Soutenez le travail de CleanTechnica en vous abonnant à Substack ou en utilisant Stripe.
Norled, l’un des opérateurs de ferry les plus connus de Norvège, a perdu environ un milliard de couronnes, soit environ 85 millions d’euros, en deux ans. La société procède actuellement à des réductions de personnel, dont plus d’une douzaine de postes à terre, pour tenter d’assainir ses finances. Ces pertes ne sont pas dues à un effondrement de la fréquentation ou à une mauvaise gestion de son activité principale. Elles sont dues en grande partie à la décision d’investir massivement dans des ferries à hydrogène alors que le reste du réseau de ferries norvégien prouvait tranquillement que les batteries étaient le meilleur choix.
Le MF Hydra de Norled est le premier ferry à hydrogène liquide au monde, mis en service en mars 2023. Il a été lancé sous les feux de l’actualité mondiale, célébré comme la preuve que le transport maritime sans émission entrait dans une nouvelle ère.
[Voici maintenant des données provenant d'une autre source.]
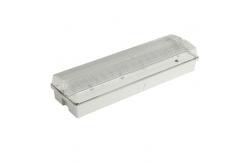 China Professional Custom Surface Wall Mounted Waterproof Emergency Light supplier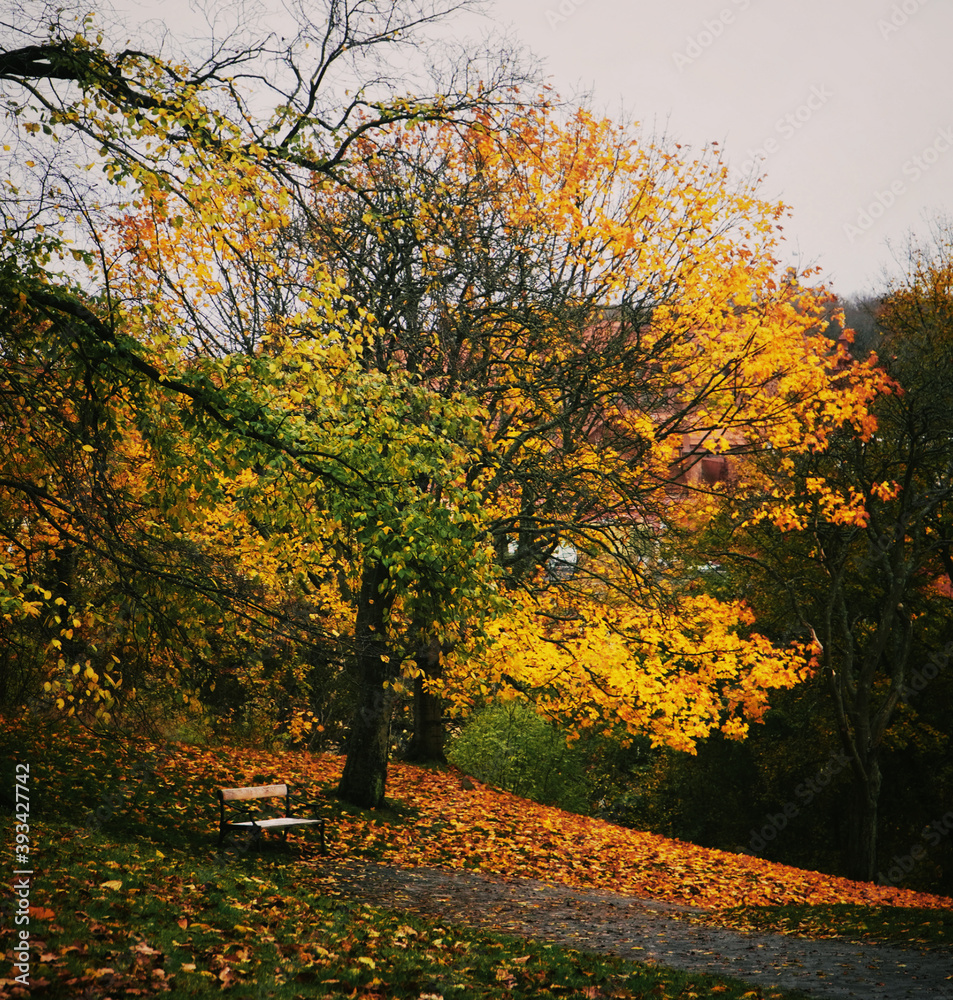 Fototapeta premium Autunm tree with a bench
Le ferry emprunte la courte route Hjelmeland-Nesvik-Skipavik, une traversée de 15 à 20 minutes typique du réseau norvégien. Mais alors que le reste du pays a électrifié ces itinéraires grâce à une simple recharge à quai et à l’énergie hydroélectrique, et que 70 des quelque 200 ferries norvégiens sont déjà équipés de batteries électriques, Norled a misé sur l’hydrogène. La société a commandé un navire sur mesure équipé de réservoirs de stockage cryogéniques, de piles à combustible et d’un système de ravitaillement en hydrogène liquide. Elle a ensuite signé un contrat de fourniture avec Linde pour acheminer l’hydrogène liquide par camion sur une distance de 1 300 km depuis l’Allemagne jusqu’au port, toutes les deux semaines. L’ingénierie est décente, mais l’économie est pénalisante.
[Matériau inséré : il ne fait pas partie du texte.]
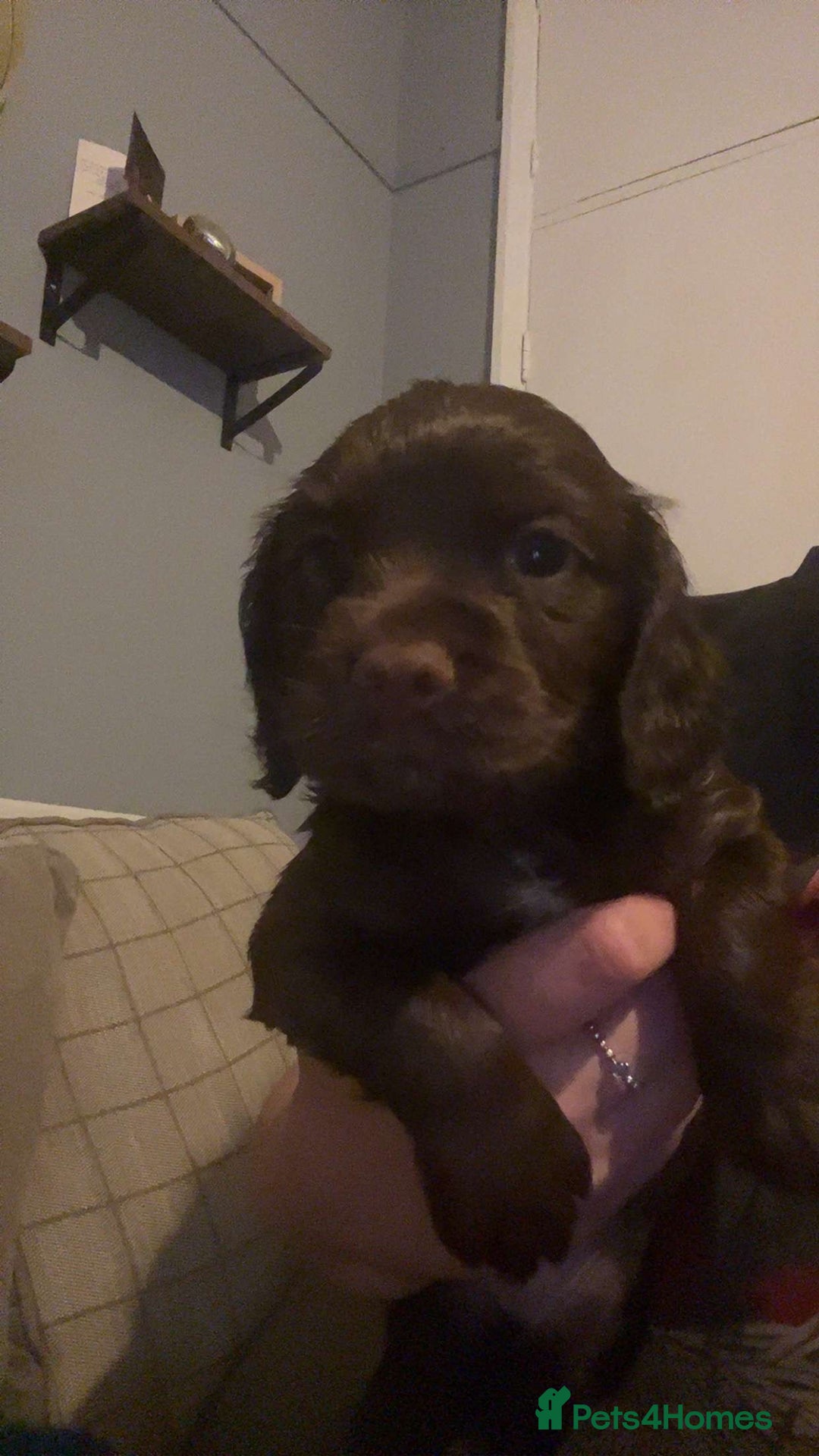 Cocker Spaniel dogs for sale: Working cocker spainel Puppys Ready to leave  - Image 28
La construction du MF Hydra a coûté environ 29 millions d’euros. C’est environ 9 millions d’euros de plus qu’un ferry moderne à batterie de la même taille, comme son navire jumeau, le MF Nesvik, qui effectue le même trajet. Un ferry diesel d’une capacité similaire coûterait environ 14 millions d’euros. Même l’équipement à terre raconte la même histoire. Les stations de recharge du MF Nesvik, les batteries tampons et la connexion au réseau aux deux extrémités de la route coûtent au total entre 2 et 6 millions d’euros. Le dispositif de ravitaillement en hydrogène liquide du MF Hydra a coûté environ 1 million d’euros pour les tuyaux, les pompes et les systèmes de ventilation, mais il aurait coûté cinq à dix fois plus cher s’il avait été construit comme un terminal permanent. L’hydrogène était censé être à la pointe du progrès. En pratique, il s’agit d’une chaîne fragile de cryogénie, de logistique et d’intégration de piles à combustible qui nécessite beaucoup d’entretien et qui engloutit de l’argent chaque semaine de fonctionnement.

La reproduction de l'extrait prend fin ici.